Что он здесь делает? Надо скорее возвращаться в башню. Бала наверняка его заждалась? Лежит на крыше и считает облака.
Он уже бежит! Бежит! Не успеет досчитать до ста, как он вернется к ней.
* * *
Бала открыла глазки и огляделась. Она до сих пор сидела на дереве. Малышка поглядела вниз. Волки и великан исчезли. Но зачем-то после себя покрасили траву алым цветом. Лишь бирюзовые башмачки выделялись на красном покрывале.
Девочка осторожно и медленно спускалась. Ножки и ручки затекли, пока она спала на дереве.
Спустившись, Бала надела башмачки и побежала к башне.
Гузу, наверно, ее заждался.
… Бала забралась на вершину башни.
Гузу сидел к ней спиной и что-то мастерил из дерева. Девочка видела, как друг маленьким ножиком проводил по деревянной болванке и вырезал из нее фигурку.
Он заметил девочку и резко остановился. На деревяшку закапали слёзы. Бала прижалась к нему и положила голову на плечо. Мальчик затрясся от рыданий.

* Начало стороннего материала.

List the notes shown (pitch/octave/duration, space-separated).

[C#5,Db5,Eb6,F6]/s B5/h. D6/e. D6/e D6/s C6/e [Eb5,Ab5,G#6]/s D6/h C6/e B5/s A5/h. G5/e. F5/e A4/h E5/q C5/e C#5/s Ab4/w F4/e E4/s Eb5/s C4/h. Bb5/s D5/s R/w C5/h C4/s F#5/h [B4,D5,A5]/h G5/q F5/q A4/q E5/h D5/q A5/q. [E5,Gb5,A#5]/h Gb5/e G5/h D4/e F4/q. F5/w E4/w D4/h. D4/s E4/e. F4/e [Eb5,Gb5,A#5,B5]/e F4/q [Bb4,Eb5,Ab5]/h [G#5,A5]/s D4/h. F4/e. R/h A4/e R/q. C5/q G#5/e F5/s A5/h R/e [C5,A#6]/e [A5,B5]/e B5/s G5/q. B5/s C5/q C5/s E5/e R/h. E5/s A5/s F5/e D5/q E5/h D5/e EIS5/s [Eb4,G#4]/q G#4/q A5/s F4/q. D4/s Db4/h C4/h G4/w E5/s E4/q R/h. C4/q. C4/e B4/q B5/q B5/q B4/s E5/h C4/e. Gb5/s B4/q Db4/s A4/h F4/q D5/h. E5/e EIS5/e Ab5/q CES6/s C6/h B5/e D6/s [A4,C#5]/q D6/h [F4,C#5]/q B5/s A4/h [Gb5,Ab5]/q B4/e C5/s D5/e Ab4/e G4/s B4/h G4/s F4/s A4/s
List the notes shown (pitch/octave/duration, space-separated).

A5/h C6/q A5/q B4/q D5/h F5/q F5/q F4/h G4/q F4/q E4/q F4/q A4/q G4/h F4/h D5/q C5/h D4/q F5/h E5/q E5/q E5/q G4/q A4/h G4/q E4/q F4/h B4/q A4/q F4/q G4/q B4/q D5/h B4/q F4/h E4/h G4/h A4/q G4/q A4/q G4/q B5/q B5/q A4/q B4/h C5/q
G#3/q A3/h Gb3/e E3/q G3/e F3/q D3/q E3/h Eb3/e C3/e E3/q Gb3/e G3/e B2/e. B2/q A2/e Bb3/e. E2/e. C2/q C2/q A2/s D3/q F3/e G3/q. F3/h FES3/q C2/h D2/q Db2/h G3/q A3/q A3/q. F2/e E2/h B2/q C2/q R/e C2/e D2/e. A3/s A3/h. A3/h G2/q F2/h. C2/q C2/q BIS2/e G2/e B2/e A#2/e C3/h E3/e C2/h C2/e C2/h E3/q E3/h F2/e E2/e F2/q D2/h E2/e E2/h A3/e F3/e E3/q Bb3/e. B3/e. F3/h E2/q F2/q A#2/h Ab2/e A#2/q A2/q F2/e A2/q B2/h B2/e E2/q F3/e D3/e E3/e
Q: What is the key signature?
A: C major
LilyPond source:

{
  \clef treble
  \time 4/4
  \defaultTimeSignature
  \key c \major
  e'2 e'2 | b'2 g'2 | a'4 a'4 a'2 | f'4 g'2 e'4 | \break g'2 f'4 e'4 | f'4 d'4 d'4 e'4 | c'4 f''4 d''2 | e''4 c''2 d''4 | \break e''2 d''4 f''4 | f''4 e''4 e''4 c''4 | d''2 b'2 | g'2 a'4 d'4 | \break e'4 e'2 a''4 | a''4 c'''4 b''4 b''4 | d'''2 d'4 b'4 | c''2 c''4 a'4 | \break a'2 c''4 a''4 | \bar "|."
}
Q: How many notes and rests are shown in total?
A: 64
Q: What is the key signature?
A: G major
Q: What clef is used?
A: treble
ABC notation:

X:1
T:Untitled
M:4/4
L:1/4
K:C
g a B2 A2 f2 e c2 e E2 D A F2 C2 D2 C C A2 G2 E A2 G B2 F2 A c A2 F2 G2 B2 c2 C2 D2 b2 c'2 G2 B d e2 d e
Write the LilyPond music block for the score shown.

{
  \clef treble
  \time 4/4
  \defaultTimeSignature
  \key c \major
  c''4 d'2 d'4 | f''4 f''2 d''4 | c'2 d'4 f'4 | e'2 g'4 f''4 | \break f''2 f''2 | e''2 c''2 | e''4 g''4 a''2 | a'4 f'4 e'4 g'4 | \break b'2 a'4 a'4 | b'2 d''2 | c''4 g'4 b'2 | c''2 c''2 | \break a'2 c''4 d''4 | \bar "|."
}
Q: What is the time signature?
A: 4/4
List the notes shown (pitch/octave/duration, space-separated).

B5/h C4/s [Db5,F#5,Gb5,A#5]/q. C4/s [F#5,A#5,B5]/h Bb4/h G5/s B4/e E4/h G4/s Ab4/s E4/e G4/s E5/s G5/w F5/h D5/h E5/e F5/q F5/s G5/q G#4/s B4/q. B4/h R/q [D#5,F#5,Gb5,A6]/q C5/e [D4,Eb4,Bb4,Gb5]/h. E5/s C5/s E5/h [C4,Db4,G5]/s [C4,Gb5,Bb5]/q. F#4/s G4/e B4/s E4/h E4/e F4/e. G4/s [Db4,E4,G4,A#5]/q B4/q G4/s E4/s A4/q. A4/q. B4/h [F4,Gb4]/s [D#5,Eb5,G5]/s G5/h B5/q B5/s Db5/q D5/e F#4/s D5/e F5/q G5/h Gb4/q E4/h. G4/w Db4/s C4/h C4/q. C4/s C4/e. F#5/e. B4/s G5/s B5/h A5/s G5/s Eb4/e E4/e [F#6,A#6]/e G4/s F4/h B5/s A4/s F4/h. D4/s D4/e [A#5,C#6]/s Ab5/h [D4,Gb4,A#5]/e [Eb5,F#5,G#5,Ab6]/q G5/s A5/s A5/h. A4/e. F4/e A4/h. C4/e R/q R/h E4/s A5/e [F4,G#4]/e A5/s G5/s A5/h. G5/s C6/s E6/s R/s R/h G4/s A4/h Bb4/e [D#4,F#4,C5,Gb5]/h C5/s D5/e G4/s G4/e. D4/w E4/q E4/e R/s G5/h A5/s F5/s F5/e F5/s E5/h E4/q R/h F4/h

– Я ведь не спрыгнул с крыши… – тихо спросил он. – Ты ведь… умерла? Но почему вижу тебя?
– Потому что я живая! Как и ты!
– Но я видел…
– Что?
– Твои туфельки… И красную от крови траву.
– Да, они упали с меня, когда великан тряс дерево, но потом пришли хозяева темной стороны леса, а дальше я не помню. Я считала облака и незаметно уснула.
– Много насчитала?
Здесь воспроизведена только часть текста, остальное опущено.